Explicit solutions for a class of inherently nonlinear systems and applications to controller design
In practice, more and more nonlinear models are being developed to capture the complexity of real phenomena in control systems. It is well-preconized that nonlinear systems are vastly more difficult to analyze than linear ones. In the nonlinear regime, many of the most basic questions remain unanswered. Among them, the problem of finding the explicit formula of a solution for a nonlinear system is very difficult to solve because the linear superposition is no longer available for linear systems. On the other hand, explicit solutions to the nonlinear equations are of fundamental importance for behavior analysis. In this thesis, we develop new theorems for property analysis and tools for controller design for some inherently nonlinear systems.

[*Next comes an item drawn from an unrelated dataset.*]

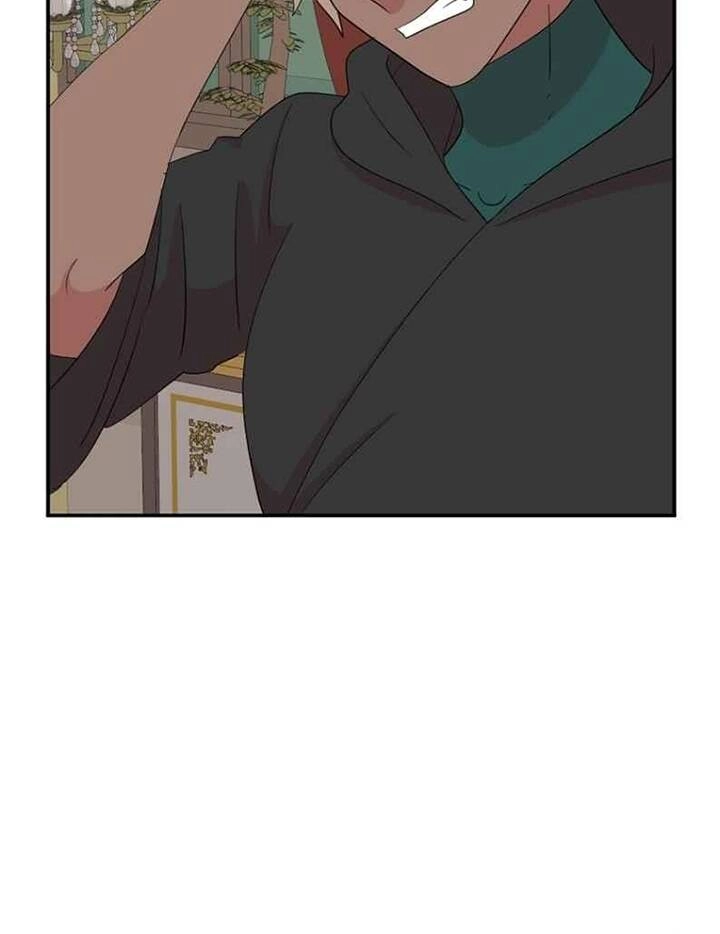 Mọt Sách Chapter 155 - 22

In this thesis, we first develop a method based on homogeneous systems theory to systematically solve explicit solution for some 2D nonlinear systems. The sufficient the conditions for the the existence of explicit solutions are given for systems with zero and positive homogeneous degrees. By comparing the explicit solution with the numerical solution, we show that explicit solutions will eliminate the approximation error which is accumulated by the numerical method and becomes larger and larger as the time elapses. Second, we apply the use of explicit solutions to design controllers which will yield explicit solutions for the nonlinear systems. The availability of the explicit solutions will have the advantages for verifying the performance of the controller. Finally, we extend our theories to construct explicit solutions for higher-dimensional dynamic systems whose solutions are asymptotically stable.
The systematic approaches for constructing the explicit solutions of some nonlinear systems developed in this thesis provides us new means for analyzing system properties, which were inadequately addressed earlier due to the lack of useful linearizations. With further research in this direction, more powerful tools for behavior analysis and controller design can be achieved.